The announcement will be a blow to the ABI, which has long hoped to promote guided sales as the panacea to the continuing savings gap. Only a week or two ago, the trade body’s director of life and savings Maggie Craig was claiming that “cost of advice” was a key “barrier to access” to financial advice and affordable products.
Implicit in all the arguments over guided sales is the fact that they will offer a cheaper option to insurance companies to sell their products to consumers.
But if we take the FSA at face value, this will be much harder to achieve – assuming it sticks to its word and does not allow any cop-out in terms of not requiring as strict qualifications from advisers engaged in “non-advised” sales.
Meanwhile, there is growing evidence that the FSA is beginning to distinguish between different sections of the financial services industry and the role they play in eroding public confidence in the sector. FSA chairman Adair Turner told ABI members that while banks clearly bore the main responsibility for the financial crisis, insurers had contributed to the erosion of public confidence in the way they had conducted their own affairs.
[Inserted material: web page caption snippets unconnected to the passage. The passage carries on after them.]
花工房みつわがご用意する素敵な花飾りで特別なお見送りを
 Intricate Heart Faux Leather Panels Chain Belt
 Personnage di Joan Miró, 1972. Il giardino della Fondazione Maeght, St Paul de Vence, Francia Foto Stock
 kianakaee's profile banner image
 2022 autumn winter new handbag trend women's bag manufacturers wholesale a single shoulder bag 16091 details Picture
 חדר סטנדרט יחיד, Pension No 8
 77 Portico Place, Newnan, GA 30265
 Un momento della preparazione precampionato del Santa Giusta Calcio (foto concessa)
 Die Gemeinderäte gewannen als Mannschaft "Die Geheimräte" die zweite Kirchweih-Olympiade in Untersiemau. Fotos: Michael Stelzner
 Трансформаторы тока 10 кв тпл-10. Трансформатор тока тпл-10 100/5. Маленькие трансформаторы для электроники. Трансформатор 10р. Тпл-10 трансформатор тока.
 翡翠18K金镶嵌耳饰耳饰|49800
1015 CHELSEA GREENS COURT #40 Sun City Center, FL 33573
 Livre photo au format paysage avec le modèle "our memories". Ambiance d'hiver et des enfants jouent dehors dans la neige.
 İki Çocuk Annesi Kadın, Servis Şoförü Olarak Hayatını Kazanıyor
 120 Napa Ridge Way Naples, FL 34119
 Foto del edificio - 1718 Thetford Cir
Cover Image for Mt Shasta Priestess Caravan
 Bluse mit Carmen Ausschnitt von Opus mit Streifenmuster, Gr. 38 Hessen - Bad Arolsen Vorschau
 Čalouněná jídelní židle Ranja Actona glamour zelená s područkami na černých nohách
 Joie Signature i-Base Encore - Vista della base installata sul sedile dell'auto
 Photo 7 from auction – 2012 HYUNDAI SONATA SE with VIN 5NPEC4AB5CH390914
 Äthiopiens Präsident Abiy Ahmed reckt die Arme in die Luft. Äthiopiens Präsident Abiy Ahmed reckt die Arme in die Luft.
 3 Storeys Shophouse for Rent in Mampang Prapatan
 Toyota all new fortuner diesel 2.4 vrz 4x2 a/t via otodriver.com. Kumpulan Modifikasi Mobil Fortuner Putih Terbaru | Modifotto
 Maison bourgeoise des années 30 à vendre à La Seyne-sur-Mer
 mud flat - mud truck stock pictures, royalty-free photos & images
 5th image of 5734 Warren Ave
Turner warned insurers at the ABI conference that even if the regulator does focus on banks and the need for them to maintain their own financial strength, this will not lead to reduced supervision of consumer protection, saying that the era of “light-touch regulation” was over. Having read his speech twice, I see nothing in it that affects IFAs to any significant extent.
Ironically, my concern would be that the regulator fails to see that different types of regulation are required for different sections of the industry. Indeed, although many IFAs are not in favour of principle-based regulation, I would argue that it offers the potential for genuine professionals to differentiate themselves from salespeople for whom written rules are the only way to control their activities.
Of course, the process whereby the IFA community is seen as totally trustworthy by the FSA will not necessarily involve a linear approach. There will inevitably be moments where the regulator and advisers do not see eye to eye.
One of those areas is the continuing wrangle over the refusal of the FSA to sanction a 15-year long stop, insisting that indefinite liability is the only serious way forward for advisers. Its refusal has led to all sorts of heated comments in the trade press, including the usual conspiracy theories over the regulators refusal to disclose the legal reasons for this is that it fears it could lose in the event of a legal challenge.
Yet I fail to see how an IFA can maintain a relationship with a client, continue to take that client’s money through trail commission, possibly for decades, yet somehow argue that, in the event of that client wanting to file a complaint against that firm, he would be time-barred after 15 years. If you do not want indefinite liability, stop taking your clients’ money indefinitely.
More seriously, from the consumer perspective, there is a great danger that the FSA’s forthcoming RDR document will fail to offer any serious mechanism for IFAs to distinguish themselves officially from salespeople, either in the form of effective status disclosure or through a differentiation with respect to remuneration.
To some extent, this is a by-product of the RDR’s long gestation period. But if the regulator genuinely wants to be seen both as a protector of consumers and a fair friend of IFAs, it still has a long way to travel.